[Short descriptive text snippets]
···

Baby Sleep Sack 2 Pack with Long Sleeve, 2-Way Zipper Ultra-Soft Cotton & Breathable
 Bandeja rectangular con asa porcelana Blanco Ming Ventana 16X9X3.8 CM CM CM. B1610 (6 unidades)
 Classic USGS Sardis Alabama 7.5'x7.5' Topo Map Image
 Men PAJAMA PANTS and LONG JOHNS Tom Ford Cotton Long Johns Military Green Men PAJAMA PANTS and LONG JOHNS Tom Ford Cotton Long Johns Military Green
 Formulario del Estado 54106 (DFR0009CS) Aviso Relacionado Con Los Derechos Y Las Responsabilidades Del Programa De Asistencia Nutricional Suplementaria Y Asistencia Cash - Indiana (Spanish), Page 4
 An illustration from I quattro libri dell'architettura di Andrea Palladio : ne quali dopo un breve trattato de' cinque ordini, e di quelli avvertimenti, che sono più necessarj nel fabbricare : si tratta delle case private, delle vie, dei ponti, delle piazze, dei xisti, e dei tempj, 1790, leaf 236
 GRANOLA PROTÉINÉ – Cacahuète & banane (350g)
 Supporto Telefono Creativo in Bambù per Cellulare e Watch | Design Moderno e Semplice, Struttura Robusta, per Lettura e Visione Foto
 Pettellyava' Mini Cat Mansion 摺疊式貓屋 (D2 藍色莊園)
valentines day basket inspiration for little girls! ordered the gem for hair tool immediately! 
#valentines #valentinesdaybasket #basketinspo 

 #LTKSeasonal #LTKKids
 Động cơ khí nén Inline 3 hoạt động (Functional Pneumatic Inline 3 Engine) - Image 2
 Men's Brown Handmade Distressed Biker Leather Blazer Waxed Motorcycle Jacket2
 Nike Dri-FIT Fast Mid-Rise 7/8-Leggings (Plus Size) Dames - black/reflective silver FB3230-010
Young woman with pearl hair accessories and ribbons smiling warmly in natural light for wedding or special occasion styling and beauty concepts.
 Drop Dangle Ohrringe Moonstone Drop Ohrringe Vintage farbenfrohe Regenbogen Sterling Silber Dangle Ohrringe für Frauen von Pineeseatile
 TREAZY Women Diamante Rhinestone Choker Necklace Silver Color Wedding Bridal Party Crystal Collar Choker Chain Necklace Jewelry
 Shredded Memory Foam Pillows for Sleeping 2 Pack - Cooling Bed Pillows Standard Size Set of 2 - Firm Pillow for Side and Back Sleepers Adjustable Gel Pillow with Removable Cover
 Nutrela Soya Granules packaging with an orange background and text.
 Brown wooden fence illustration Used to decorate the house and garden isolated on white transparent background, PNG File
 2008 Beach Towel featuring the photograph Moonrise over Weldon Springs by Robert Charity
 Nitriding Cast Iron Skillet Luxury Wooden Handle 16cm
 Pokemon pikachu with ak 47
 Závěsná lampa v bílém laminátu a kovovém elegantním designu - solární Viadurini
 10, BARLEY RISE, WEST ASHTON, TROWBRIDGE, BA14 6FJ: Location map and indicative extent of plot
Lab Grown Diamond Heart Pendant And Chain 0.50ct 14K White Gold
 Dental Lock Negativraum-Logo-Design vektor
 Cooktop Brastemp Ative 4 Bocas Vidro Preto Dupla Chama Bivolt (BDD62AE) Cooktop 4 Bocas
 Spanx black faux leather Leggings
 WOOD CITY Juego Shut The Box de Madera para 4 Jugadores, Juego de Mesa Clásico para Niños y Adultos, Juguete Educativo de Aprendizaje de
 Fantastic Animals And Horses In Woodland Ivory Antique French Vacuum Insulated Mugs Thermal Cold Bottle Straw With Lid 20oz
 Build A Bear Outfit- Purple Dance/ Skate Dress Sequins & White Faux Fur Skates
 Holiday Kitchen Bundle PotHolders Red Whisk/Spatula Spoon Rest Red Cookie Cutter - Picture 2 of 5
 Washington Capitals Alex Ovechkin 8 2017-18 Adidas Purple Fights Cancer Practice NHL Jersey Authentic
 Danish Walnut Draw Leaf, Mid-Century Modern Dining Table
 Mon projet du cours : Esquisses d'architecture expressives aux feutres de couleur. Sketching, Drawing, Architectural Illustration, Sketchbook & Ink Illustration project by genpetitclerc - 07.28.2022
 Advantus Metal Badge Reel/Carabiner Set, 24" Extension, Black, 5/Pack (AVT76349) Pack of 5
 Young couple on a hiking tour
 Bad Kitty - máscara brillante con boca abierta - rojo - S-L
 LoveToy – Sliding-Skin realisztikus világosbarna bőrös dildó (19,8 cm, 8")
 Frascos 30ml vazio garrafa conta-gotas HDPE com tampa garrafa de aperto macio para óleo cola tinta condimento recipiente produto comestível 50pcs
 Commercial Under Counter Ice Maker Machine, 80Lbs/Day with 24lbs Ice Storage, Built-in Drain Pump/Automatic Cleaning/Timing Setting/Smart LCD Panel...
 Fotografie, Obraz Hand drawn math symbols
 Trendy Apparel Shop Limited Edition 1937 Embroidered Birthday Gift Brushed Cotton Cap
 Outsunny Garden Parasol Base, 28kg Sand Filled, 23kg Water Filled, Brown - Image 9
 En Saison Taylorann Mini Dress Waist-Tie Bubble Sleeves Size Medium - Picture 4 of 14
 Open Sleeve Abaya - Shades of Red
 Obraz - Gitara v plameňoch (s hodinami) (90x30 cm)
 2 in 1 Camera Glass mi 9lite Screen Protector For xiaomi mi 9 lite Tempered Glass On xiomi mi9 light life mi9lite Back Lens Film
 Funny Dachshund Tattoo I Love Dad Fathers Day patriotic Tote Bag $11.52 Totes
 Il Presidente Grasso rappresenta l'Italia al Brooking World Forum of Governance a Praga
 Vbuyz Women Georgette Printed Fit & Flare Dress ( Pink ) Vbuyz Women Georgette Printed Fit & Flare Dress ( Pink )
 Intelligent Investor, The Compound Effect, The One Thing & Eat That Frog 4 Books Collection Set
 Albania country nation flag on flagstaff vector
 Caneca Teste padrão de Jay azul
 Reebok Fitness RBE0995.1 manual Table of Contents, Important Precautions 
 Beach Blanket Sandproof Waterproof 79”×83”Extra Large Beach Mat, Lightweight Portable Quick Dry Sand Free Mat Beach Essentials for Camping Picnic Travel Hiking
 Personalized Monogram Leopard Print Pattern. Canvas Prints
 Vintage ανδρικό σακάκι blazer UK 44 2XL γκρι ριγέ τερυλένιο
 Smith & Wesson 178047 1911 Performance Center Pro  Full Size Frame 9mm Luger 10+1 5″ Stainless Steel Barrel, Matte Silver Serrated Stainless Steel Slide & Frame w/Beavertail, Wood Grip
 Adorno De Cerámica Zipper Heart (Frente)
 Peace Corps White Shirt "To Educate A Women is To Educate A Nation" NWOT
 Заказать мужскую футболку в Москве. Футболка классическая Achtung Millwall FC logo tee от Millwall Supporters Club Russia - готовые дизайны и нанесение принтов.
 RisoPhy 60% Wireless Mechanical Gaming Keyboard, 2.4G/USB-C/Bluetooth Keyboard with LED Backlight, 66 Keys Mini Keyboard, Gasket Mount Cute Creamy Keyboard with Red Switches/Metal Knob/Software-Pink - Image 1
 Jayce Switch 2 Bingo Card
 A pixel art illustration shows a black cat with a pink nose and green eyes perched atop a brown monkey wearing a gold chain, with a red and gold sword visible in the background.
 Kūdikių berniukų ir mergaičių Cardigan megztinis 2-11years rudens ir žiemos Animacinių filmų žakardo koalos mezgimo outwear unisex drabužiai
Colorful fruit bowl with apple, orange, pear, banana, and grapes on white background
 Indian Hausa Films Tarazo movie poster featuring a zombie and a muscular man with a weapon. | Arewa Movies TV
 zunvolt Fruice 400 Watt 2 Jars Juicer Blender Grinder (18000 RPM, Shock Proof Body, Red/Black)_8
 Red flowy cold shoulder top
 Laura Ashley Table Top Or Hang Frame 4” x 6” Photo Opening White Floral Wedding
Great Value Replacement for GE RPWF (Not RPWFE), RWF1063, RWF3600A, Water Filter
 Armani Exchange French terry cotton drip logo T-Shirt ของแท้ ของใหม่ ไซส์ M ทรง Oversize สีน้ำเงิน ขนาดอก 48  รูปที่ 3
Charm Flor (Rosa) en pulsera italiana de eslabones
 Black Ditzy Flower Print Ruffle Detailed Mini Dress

···

Task to carry out: Reproduce exactly the lines from the beginning of the entries above up to and including the line that contains "Formulario del Estado".

Response to this task:
Baby Sleep Sack 2 Pack with Long Sleeve, 2-Way Zipper Ultra-Soft Cotton & Breathable
 Bandeja rectangular con asa porcelana Blanco Ming Ventana 16X9X3.8 CM CM CM. B1610 (6 unidades)
 Classic USGS Sardis Alabama 7.5'x7.5' Topo Map Image
 Men PAJAMA PANTS and LONG JOHNS Tom Ford Cotton Long Johns Military Green Men PAJAMA PANTS and LONG JOHNS Tom Ford Cotton Long Johns Military Green
 Formulario del Estado 54106 (DFR0009CS) Aviso Relacionado Con Los Derechos Y Las Responsabilidades Del Programa De Asistencia Nutricional Suplementaria Y Asistencia Cash - Indiana (Spanish), Page 4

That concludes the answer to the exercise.